DATA SHOWN:
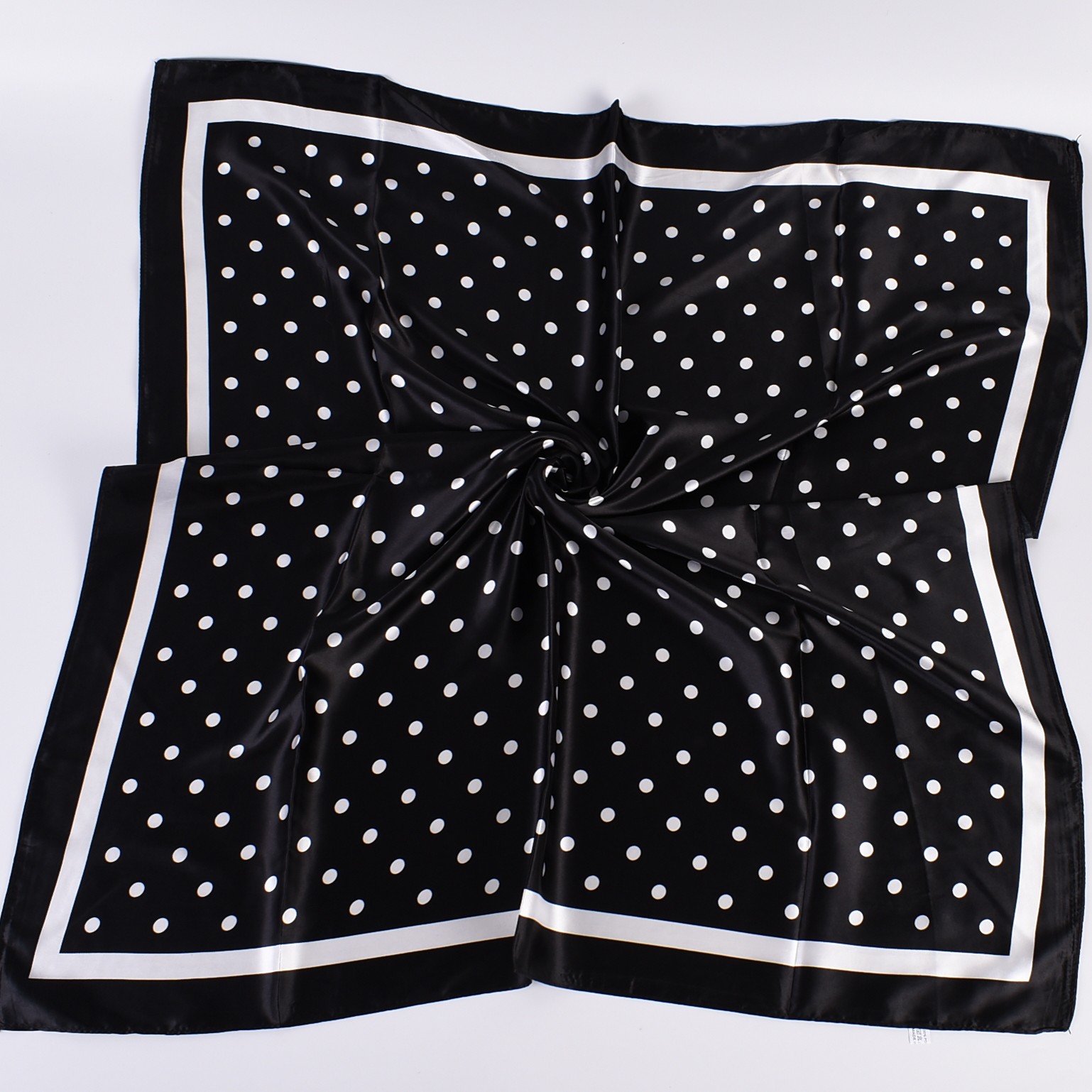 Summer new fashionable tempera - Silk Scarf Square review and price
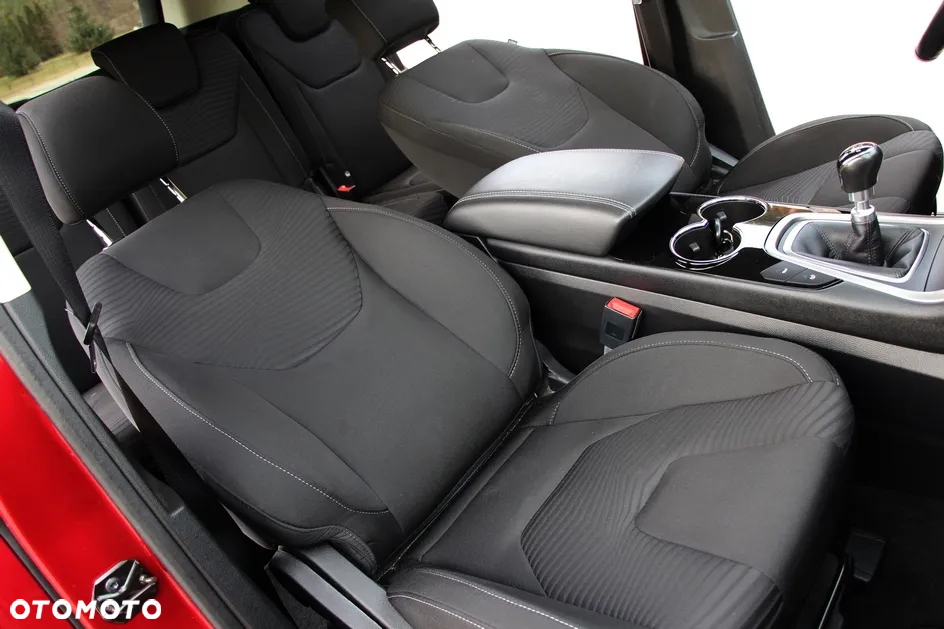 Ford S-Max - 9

* * *

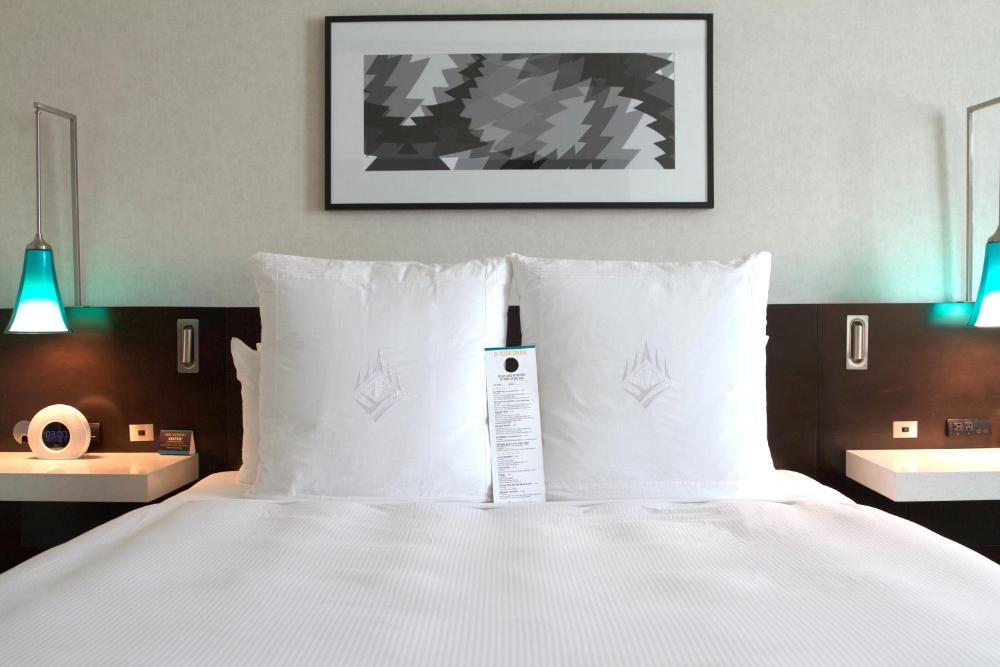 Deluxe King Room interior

---

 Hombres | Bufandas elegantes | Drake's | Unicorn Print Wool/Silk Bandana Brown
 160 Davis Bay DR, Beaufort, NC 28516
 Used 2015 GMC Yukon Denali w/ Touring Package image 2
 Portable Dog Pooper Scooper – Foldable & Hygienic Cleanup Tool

THE PROBLEM: Among the entries above, take the lines from the one with "Summer new fashionable" through the one with "Ford S-Max - 9" and retype them exactly, leaving out the pictures.

WRITTEN RESPONSE:
 Summer new fashionable tempera - Silk Scarf Square review and price
 Ford S-Max - 9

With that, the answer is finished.